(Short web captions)
──────
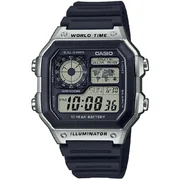 Casio AE-1200WH-1CVEF - Pánske hodinky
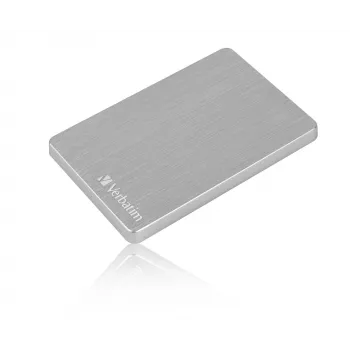 Verbatim Store 'n' Go ALU õhuke kaasaskantav kõvaketas 1TB hõbedane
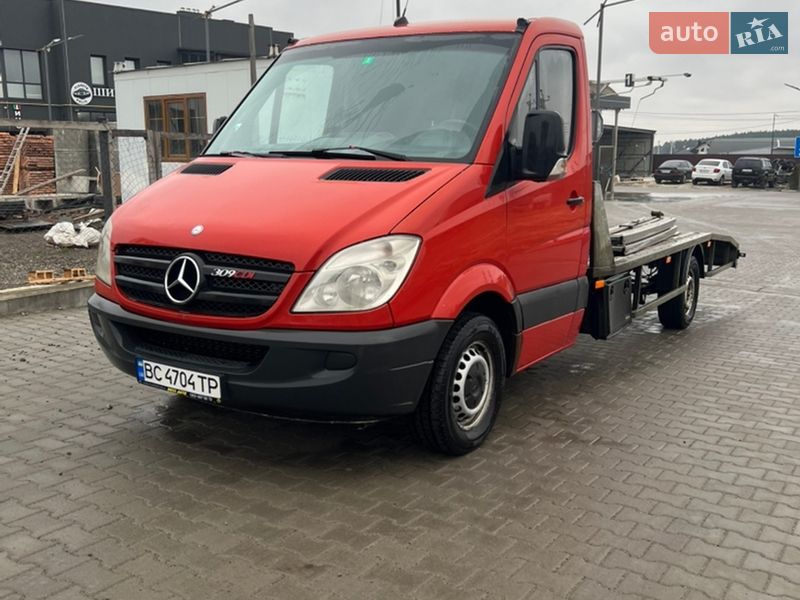 Mercedes-Benz Sprinter 2007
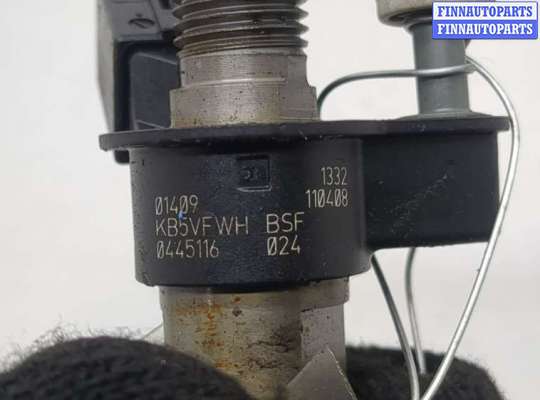 купить Форсунка топливная на BMW 3 E90, E91, E92, E93 2005-2012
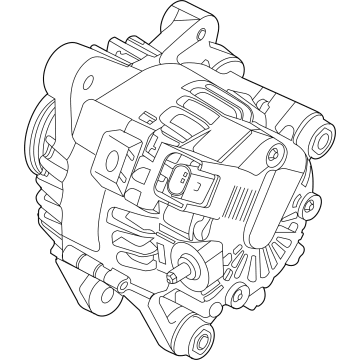 Kia K5 Alternator - 373002M420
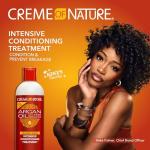 Argan Oil Intensive Conditioning Treatment, 12 Fl Oz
──────
Task item: Please write out every record above exactly, but leave the pictures out.

Task result:
 Casio AE-1200WH-1CVEF - Pánske hodinky
 Verbatim Store 'n' Go ALU õhuke kaasaskantav kõvaketas 1TB hõbedane
 Mercedes-Benz Sprinter 2007
 купить Форсунка топливная на BMW 3 E90, E91, E92, E93 2005-2012
 Kia K5 Alternator - 373002M420
 Argan Oil Intensive Conditioning Treatment, 12 Fl Oz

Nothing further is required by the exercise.